“Do you know," Peter asked, "why swallows build in the eaves of houses? It is to listen to the stories.” ~ J.M. Barrie, Peter Pan


this water lives in mombasa, anyway, and following the yellow brick road

the roads move like rivers where i live.

it took all day to entice me outside;
when the last of the light began to glow on the bricks i was called.

it was small rain yesterday, from morning to night, and it was small when i stood beneath it; all the best magic is small. there'd been hard news in the morning, news i'd sat with through tv movies and laundry, letting it sink in, shedding no tears.  i stepped into the rain and all that changed.  i began to cry.

road is a thoroughfare, route, or way on land between two places . . .
river is a natural watercourse, usually freshwater,
flowing towards an ocean, a lake, a sea, or another river . . .

we move forward always, even if we turn around. time clicks into the future no matter which way we face.  new places await.  the late mary, she of once upon a time across the street, told me when times were bad, she imagined herself on a river, floating.  face to the sky.  giving herself to the flow.  the river moves anyway, she told me.


(road and river definitions from wikipedia)


the days go quiet

the days are dropping one by one from the limbs of this year,
going pale and then gone forever into the past, never to be seen again.
their memories stay but they are only that,
their colors brighter than the truths,
their sounds quieter, their whispers almost too loud.

it's the ache in my arms and the hurt in my wrists that remind me,
the still painful twist of my ankle from all the turning aways.

this coming season says soft,
tells me that christmas will be full of silent nights
and small gifts.
that cleaning the house takes second place to family and friends;
that the lights will be low and the tree will be hushed.

i will run late and not worry.
i will turn the volume down to one
and ignore the red bars that urge me to turn it back up.



autumn winter november sunday

sunday real life with rain and cold and broken camera in hand.
my neighbor's tree.
he was sitting in his car, warming it up for a donut run;
i just tapped on his window and pointed at the tree.
he knew.


i don't have the magic to make the outside warmer.  i open the door a few inches, enough for the cat to get through, but she just stands there and looks at me, then meows and walks away, headed for her spot in front of the fire, looking back at me over her shoulder as if i've failed her on some deep mama emotional level.  it is only when i step outside that she chances it also, texas cat that she is.  she followed me out this morning and when i glanced back over my shoulder from across the street, she was full of kitten, on her tiptoes, skittering sideways around the yard, but then fast back into the house when i returned.

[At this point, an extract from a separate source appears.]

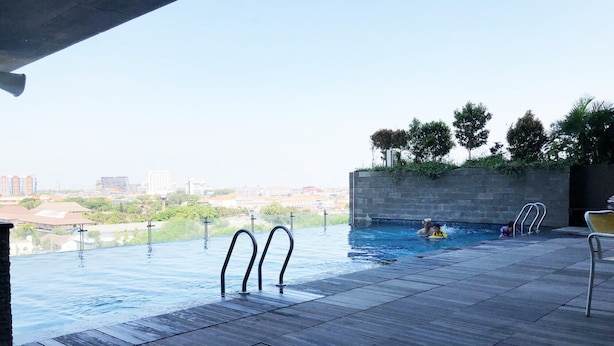 Une piscine à débordement offrant une vue sur la ville, un mur en béton agrémenté de verdure et une terrasse carrelée.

the cold is here.  serious autumn feels like winter.  magnolia leaves drop to the ground, fluttering in the wind like fallen birds, and the camellia tree in the backyard next door is covered in white blossoms - at a glance it looks like snow. the tree on the corner has leaves that go red for a few hours and then brown.  a short envelope of time to catch them.  all the trees that drop their leaves are doing so, some more slowly than others, still changing colors, only letting go when the wind pushes hard against them.  but, in the continuation of seasons, we still have honeysuckle blossoms and birdsong greeted me when i woke.  everything smooshes together.  the calendar is, after all, man-made.